DARPA announced recently that it’s halfway through Phase 1 of ACE and that simulated AI dogfights under the so-called Scrimmage 1 took place at Johns Hopkins Applied Physics Laboratory (APL) last month.

Using a simulation environment designed by APL, Scrimmage 1 involved a demonstration of 2-v-1 simulated engagements with two blue force (friendly) F-16s working collaboratively to defeat an undisclosed enemy red air (enemy) aircraft.

In the words of DARPA, the ambitious ACE program aims to develop “trusted, scalable, human-level, AI-driven autonomy for air combat by using human-machine collaborative dogfighting as its challenge problem.”

The February AI dogfight tests were the first since APL’s AlphaDogfight Trials that took place last August. On that occasion, a competition pitted eight teams who provided AI systems to fly simulated F-16s in 1-v-1 dogfights. The team with the winning AI then flew another five simulated dogfights against an experienced F-16 fighter pilot in a simulator, beating the human 5-0 in a significant demonstration of AI’s potential that you can read more about here.

Our biggest focus at the end of Phase 1 is on the simulation-to-real transition of the AI algorithms as we prepare for live-fly sub-scale aircraft scenarios in late 2021,” said Colonel Dan “Animal” Javorsek, the program manager in DARPA’s Strategic Technology Office. “Managing this transition to the real world is a critical test for most AI algorithms. In fact, prior efforts have been brittle to just these types of transitions because some solutions can be over-reliant on digital artifacts from the simulation environment.”

Compared to the AlphaDogfight Trials, which were gun-only, Scrimmage 1 introduced new simulated weapons, in the form of a “missile for longer-range targets.”

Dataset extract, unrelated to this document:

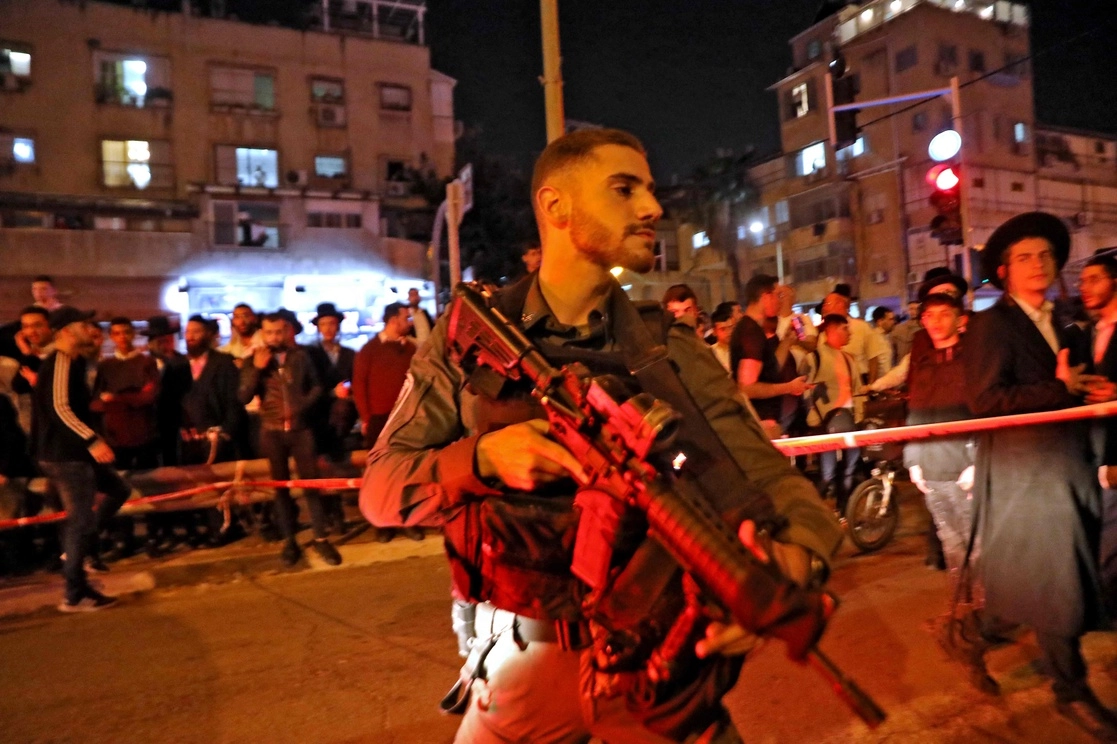 Fuerzas de seguridad en la escena de los ataques armados en Bnei Brak, Israel, el 29 de marzo de 2022. Foto Afp 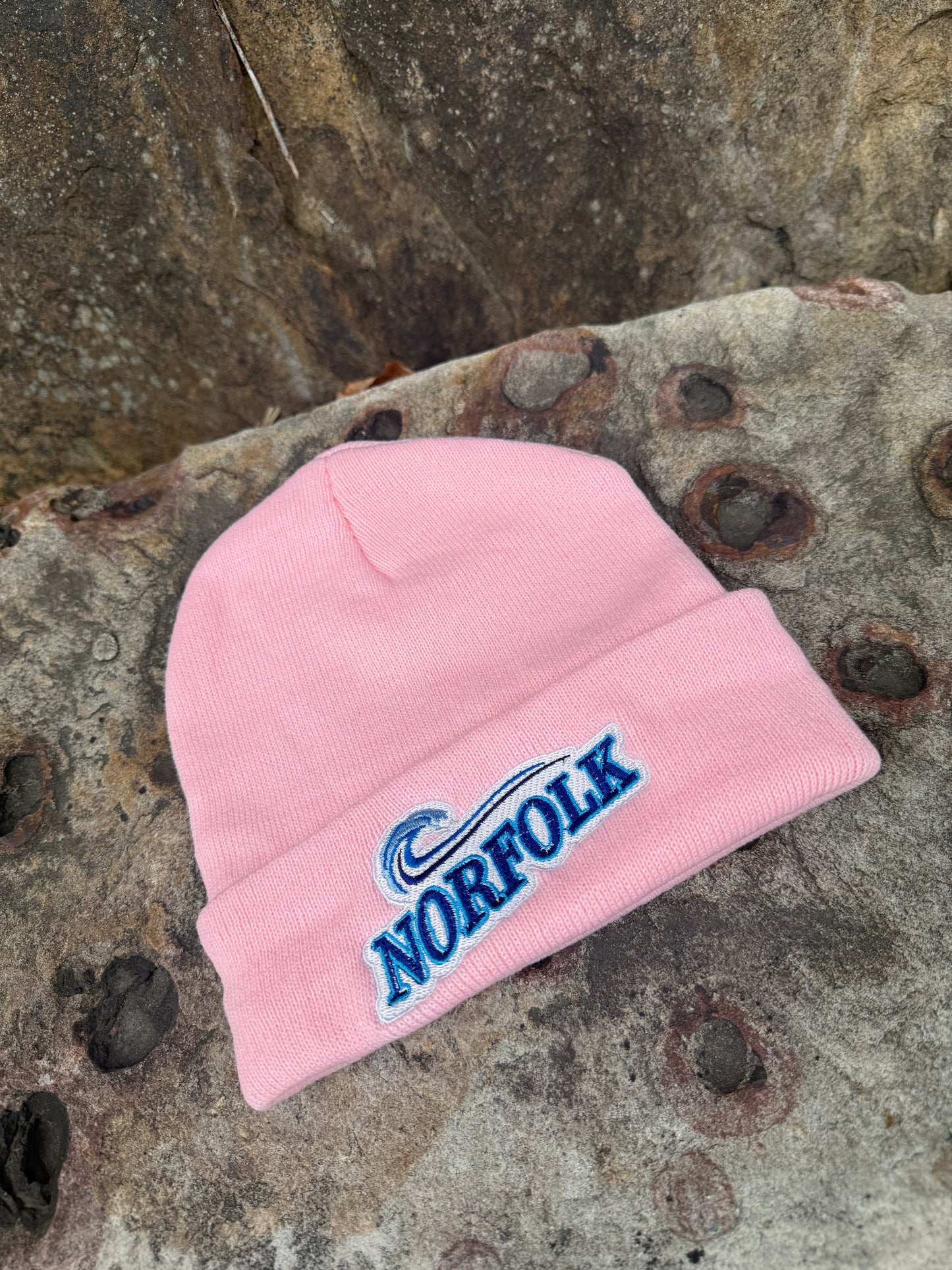 Norfolk Wave Beanie (Pink)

“Adding more weapon options and multiple aircraft introduces a lot of the dynamics that we were unable to push and explore in the AlphaDogfight Trials,” Javorsek added. “These new engagements represent an important step in building trust in the algorithms since they allow us to assess how the AI agents handle clear avenues of fire restrictions set up to prevent fratricide. This is exceedingly important when operating with offensive weapons in a dynamic and confusing environment that includes a manned fighter and also affords the opportunity to increase the complexity and teaming associated with maneuvering two aircraft in relation to an adversary.”

So far, ACE has demonstrated advanced virtual AI dogfights involving both within-visual-range (WVR) and beyond-visual-range (BVR) multi-aircraft scenarios with simulated weapons, plus live flying using an instrumented jet to measure pilot physiology and trust in AI.

Throughout the ACE program, which began last year, DARPA has stressed the importance of establishing human pilots’ trust in AI, allowing it to conduct the actual combat maneuvers while the human concentrates on overarching battle management decisions.

The process of “capturing trust data” has seen test pilots fly in an L-29 Delfin jet trainer at the University of Iowa Technology Institute’s Operator Performance Laboratory. This aircraft has been adapted with cockpit sensors to measure the pilot’s physiological responses, giving an insight into whether or not the pilot trusts the AI. In these missions, the L-29 has been flown by a safety pilot in the front seat, who makes flight control inputs based on AI decisions. However, for the pilot whose responses are being evaluated, it is as if the AI is flying the jet.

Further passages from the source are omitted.